Records supplied:

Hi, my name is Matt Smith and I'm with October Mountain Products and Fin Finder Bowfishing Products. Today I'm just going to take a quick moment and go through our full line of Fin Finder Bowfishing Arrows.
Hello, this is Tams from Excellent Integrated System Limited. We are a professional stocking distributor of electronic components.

* * *

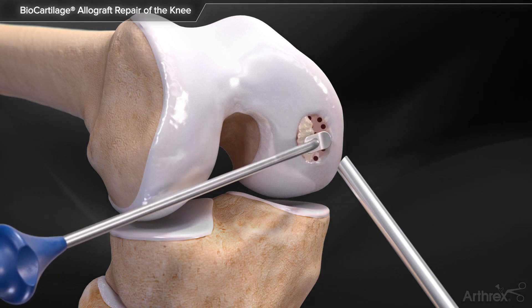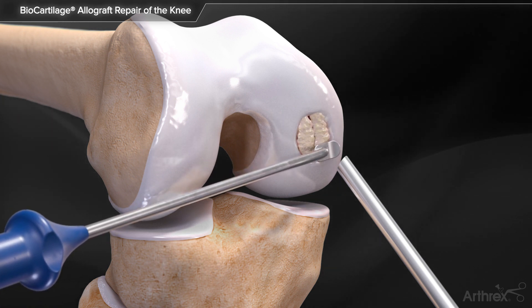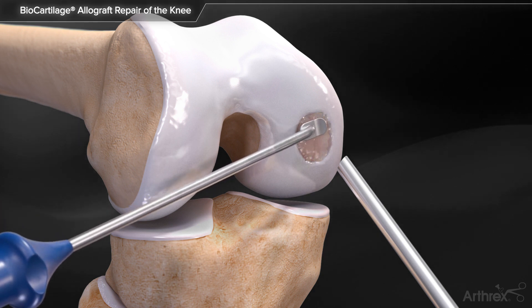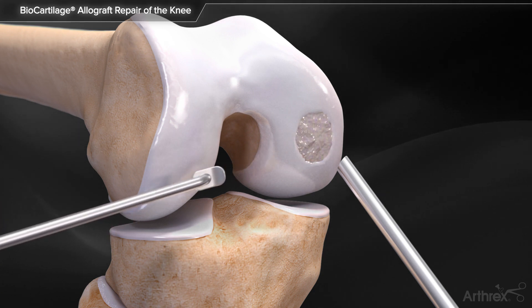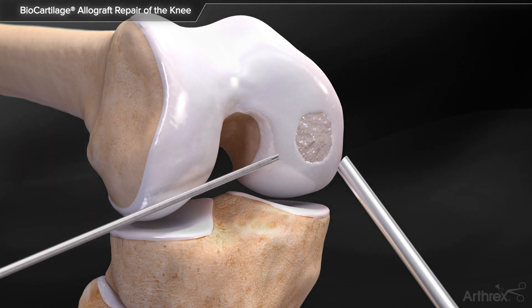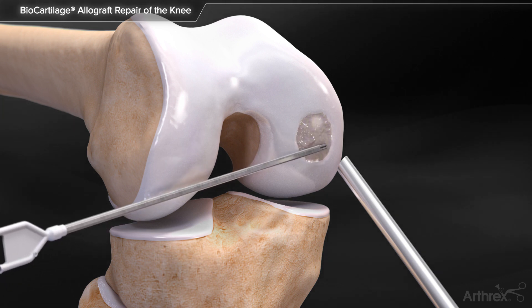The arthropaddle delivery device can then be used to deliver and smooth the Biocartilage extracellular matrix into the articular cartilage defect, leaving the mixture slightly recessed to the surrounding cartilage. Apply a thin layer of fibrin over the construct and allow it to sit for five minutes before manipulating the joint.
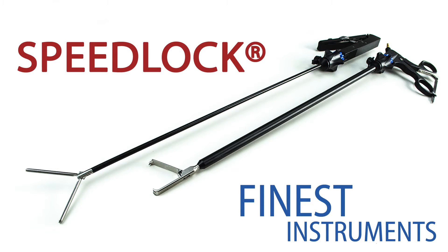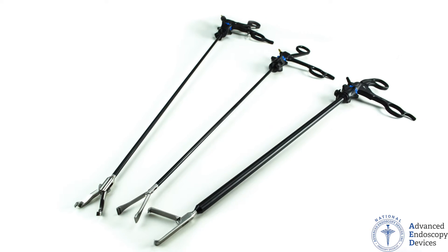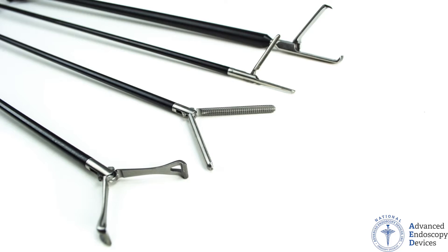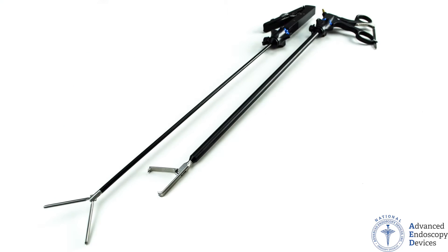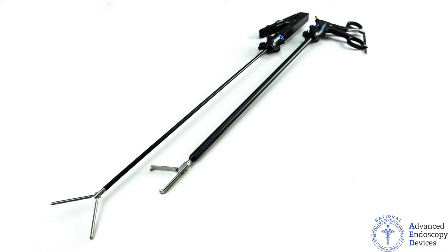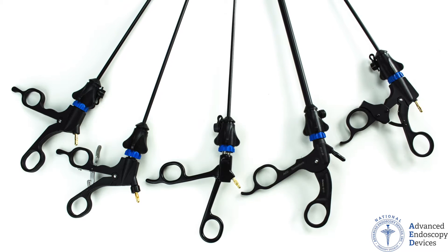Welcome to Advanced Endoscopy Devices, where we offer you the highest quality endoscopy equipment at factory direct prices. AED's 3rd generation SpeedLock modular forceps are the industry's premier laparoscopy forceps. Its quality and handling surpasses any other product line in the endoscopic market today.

--

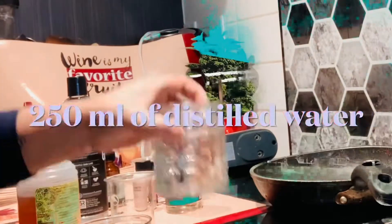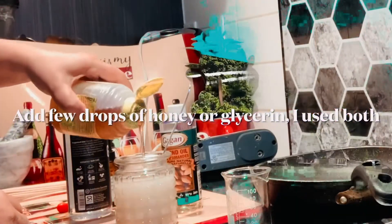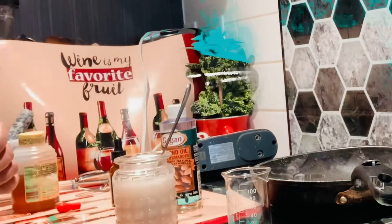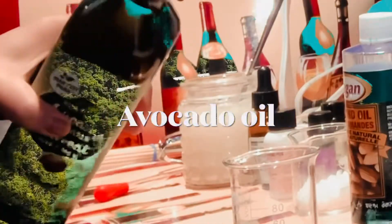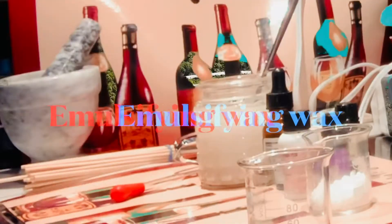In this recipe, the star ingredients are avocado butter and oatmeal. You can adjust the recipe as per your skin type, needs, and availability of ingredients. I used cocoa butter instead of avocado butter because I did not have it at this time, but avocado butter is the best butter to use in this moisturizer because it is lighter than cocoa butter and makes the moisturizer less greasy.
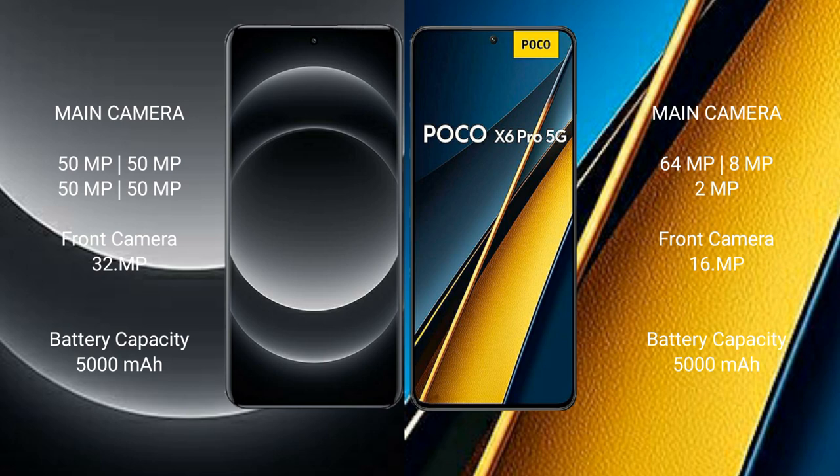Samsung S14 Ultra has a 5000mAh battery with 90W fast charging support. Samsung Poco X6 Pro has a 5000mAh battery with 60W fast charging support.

What to work on: Write down exactly the span of lines above from the one containing "Hi, my name" to the one containing "Hello, this is", both ends included.

Written solution:
Hi, my name is Matt Smith and I'm with October Mountain Products and Fin Finder Bowfishing Products. Today I'm just going to take a quick moment and go through our full line of Fin Finder Bowfishing Arrows.
Hello, this is Tams from Excellent Integrated System Limited. We are a professional stocking distributor of electronic components.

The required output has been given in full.